His left hand toyed with a paperweight, rolling it back and forth like a priest fondling prayer beads.

He didn’t look up. Not at first. I guessed he was working up the courage to say something he’d practiced all night.

He finally cleared his throat, making a show of opening my folder.

“Alfred Martin.” The syllables dropped like anvils. “You know why you’re here.”

I said nothing. I’d already decided I wasn’t giving him shit. Whatever lecture he had queued up, he could perform it to an audience of one.

“Your mother was supposed to come in this morning,” he continued, “but she works, I’m told. Night shift?” He looked in my folder. “Says your father died when you were twelve. Single mother, third shift, no help, son is a shithead. Pretty much sums up your whole existence.”

I nodded, just once. It felt like too much effort to do it again.

He looked at me over the rim of his glasses, eyes bloodshot from grading or insomnia or from almost finding his daughter with my dick inside her. “Your attendance is abysmal. Your grades are worse. You have five detentions on file this semester alone.” He paused, savoring the words. “And now this.”

He slid a single sheet across the desk. The heading said “NOTICE OF EXPULSION.”

I stared at the wood grain.

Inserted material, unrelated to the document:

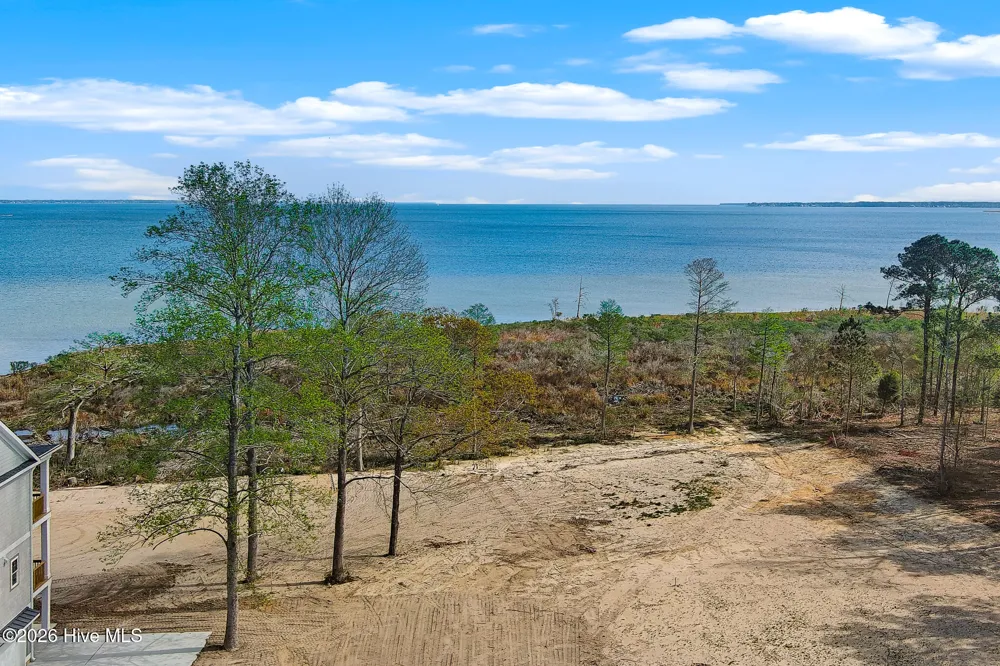 119 Cedarwood Havelock, NC 28532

It looked like a river, or maybe a deep scar.

Davidson took off his glasses and rubbed the bridge of his nose.

“I could fire off the usual lines like ‘Bright kid, poor choices, breaks my heart.’” He made a little show of sighing, like this all just happened to him by accident.

“But the fact is, I can’t help you if you won’t help yourself, Alfred. ”

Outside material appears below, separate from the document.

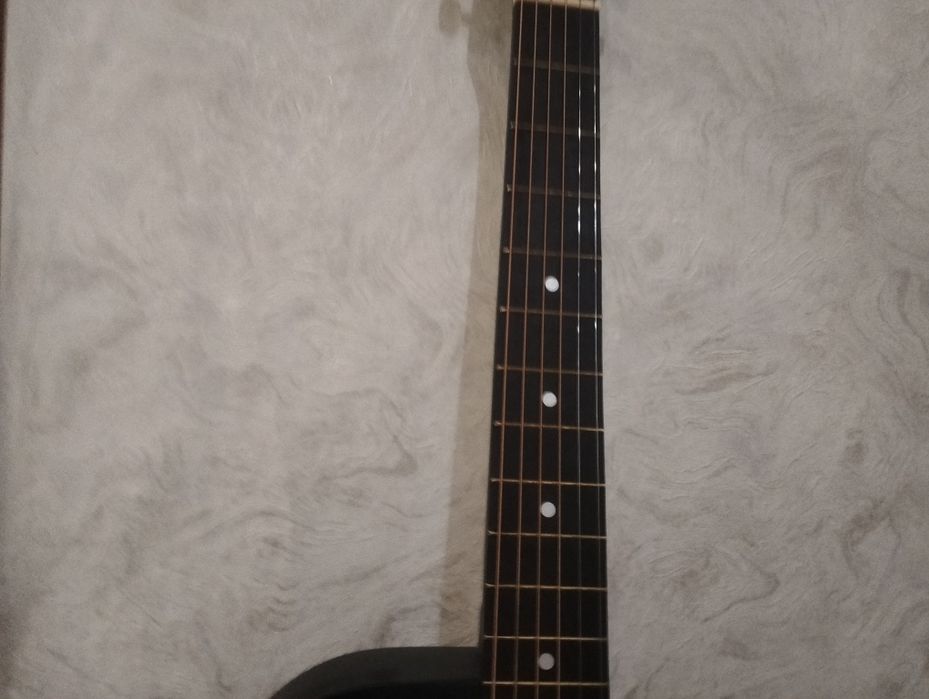 Гитара акустическая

I met his eyes, just long enough to remind him I had some left. “You done?”

He blinked. For a second, I thought he might laugh, but his voice just got softer, more dangerous. “You think you’re a tough guy, Martin? You want everyone to see you as some bad-ass rebel with nothing to lose? Newsflash, nobody’s impressed. Least of all Melissa.”

That landed. He watched my face like he expected me to twitch. I didn’t.

“I don’t know what you think you accomplished last night,” he said, “but let’s get something straight. if I ever see you within fifty yards of my daughter again, you’ll regret it. I will make sure no college, no employer, no one will touch your name. You understand?”

I nodded. “Yeah, I understand.”

He leaned forward, hands folded. “Do you even care? About your future? About anything?”

I almost laughed. What future? My mother cleaned offices until her knuckles bled. My father’s name was on the wrong side of a gravestone before I hit double digits. The only thing I cared about was not being a goddamn punchline.

Instead, I said, “Not really.”

He slammed the paperweight down. A stack of pens jumped. “You’re throwing it all away, you know that? You could turn it around. But you’d rather coast on ‘potential’ and play the martyr.”

I shrugged. “Better than pretending.”

He glared at me like he wanted to slap my mouth, but all he did was sigh again. “Pack your things. Security will walk you out.”

I stood, and for a second I thought about saying something—an apology, maybe, or a thank-you for not calling the cops on his daughter and me in flagrante delicto—but I decided against it. Nothing I said would matter. Davidson had already made up his mind, and so had I.

On my way out, I passed the glass office door and caught my reflection, a scarecrow in borrowed jeans, eyes hollowed out from lack of sleep and whatever was left of my future.

The world outside was brighter than I remembered. It made my head ache. I squinted into the sun, the paper in my hand already curling at the edges. I didn’t bother to read it. I already knew what it said.